Aim of the exercise >> Whenever a line of the listing contains the string "South", return that line.

Stored data >>
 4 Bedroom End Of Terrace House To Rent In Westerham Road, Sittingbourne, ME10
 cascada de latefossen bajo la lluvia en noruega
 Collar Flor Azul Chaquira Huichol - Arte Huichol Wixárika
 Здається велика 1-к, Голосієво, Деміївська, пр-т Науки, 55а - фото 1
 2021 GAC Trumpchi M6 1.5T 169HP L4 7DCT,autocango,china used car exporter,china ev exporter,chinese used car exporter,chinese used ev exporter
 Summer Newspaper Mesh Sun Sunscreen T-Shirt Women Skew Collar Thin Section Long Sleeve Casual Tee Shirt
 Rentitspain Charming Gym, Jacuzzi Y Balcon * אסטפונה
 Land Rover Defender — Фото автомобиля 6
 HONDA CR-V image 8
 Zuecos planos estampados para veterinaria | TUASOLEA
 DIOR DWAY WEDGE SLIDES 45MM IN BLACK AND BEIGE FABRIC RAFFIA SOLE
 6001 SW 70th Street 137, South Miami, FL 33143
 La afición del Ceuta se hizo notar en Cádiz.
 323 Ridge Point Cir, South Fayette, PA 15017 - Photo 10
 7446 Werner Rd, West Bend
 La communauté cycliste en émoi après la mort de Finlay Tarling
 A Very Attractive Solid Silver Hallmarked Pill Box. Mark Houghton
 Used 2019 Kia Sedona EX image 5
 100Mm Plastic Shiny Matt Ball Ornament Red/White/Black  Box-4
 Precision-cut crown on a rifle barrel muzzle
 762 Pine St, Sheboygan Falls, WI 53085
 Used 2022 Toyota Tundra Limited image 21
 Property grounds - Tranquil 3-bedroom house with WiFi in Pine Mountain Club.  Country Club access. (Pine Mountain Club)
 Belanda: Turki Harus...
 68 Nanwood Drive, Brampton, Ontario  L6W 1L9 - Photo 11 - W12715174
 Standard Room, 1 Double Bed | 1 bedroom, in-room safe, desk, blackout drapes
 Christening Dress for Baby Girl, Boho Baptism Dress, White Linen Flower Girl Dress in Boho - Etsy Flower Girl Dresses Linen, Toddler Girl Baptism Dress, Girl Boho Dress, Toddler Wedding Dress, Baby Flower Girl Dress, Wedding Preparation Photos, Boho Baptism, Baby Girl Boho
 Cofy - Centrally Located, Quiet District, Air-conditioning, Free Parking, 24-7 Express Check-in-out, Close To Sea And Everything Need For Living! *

Worked solution >>
 6001 SW 70th Street 137, South Miami, FL 33143
 323 Ridge Point Cir, South Fayette, PA 15017 - Photo 10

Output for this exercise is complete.